Recently, two computers were stolen from our campus. One of the computers contained archive data of former students. This setup was stand-alone customisation and therefore not equipped with the IT security measures usual for VU Amsterdam. As the possibility of unintended or unauthorised access to this (personal) data cannot be ruled out, VU Amsterdam reported this to the Personal Data Authority (AP). An information page has been set up where the latest state of affairs is updated and answers to frequently asked questions can be found. To reach as many persons involved as possible, VU Amsterdam has written to more alumni than individuals actually affected.
Extra security measures
VU Amsterdam takes the matter highly. After discovering that the computer was missing, VU Amsterdam's Security Operations & Control Centre was called in to investigate the (possible) impact of the incident and a risk analysis was made in collaboration with the data protection officer. A report was also filed with the police and security footage, showing the suspected perpetrators, was shared with police. "Privacy of our students and staff is an absolute top priority for us. We therefore deeply regret that this happened. We are reassessing whether there are similar customised situations for VU Amsterdam", says board member Marcel Nollen.

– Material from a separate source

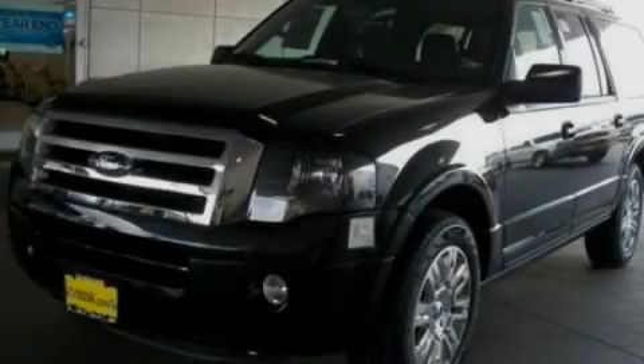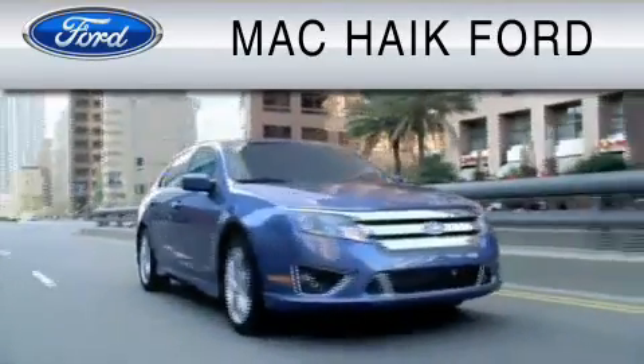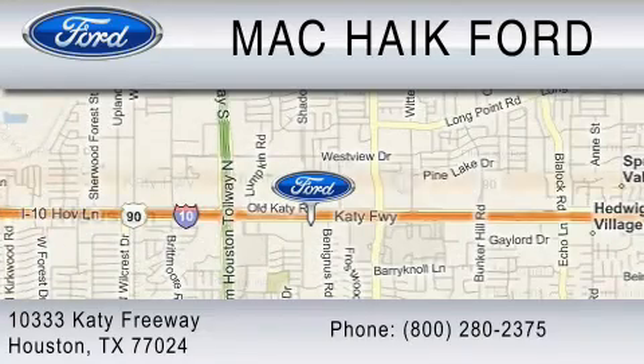Stop by today and test drive this vehicle for yourself. For everyday low pricing on new and used Ford cars and trucks, visit Mack Hike Ford. We are located at 10333 Katy Freeway in Houston. You can reach us at 800-280-2375.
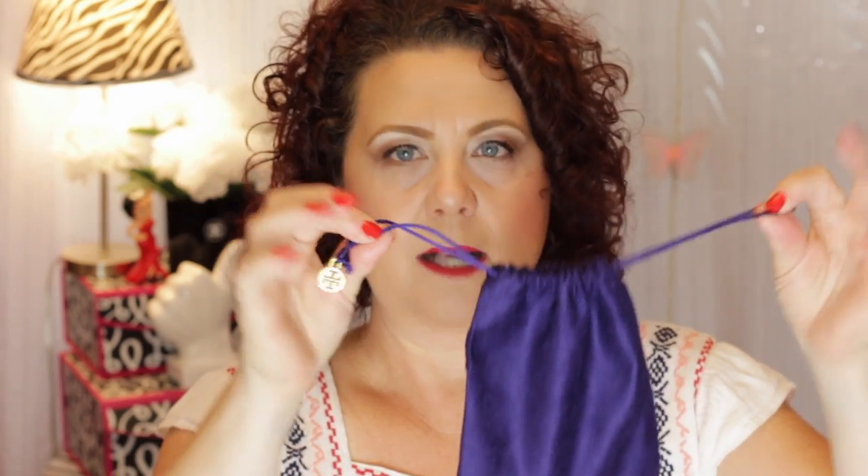I stood in the checkout line to ask a register associate if the two items were included in the sale, and she confirmed yes. I told her no one helped me on the sales floor, which was frustrating — I was hot and thirsty and needed a Diet Coke. But I did make the purchase. The items came in cute little dust bags, and on the drawstring handle is a little Tory Burch charm, which I thought was a nice touch.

What is VU Amsterdam doing about prevention?
Devices issued and managed by the IT department are encrypted by default. The computer stolen was a stand-alone setup. This setup was unique and customised and therefore not equipped with the IT security measures usual for VU Amsterdam. The data on the computer was not deleted in time according to the retention period list. An unfortunate case whose confluence of circumstances we - once again - greatly regret.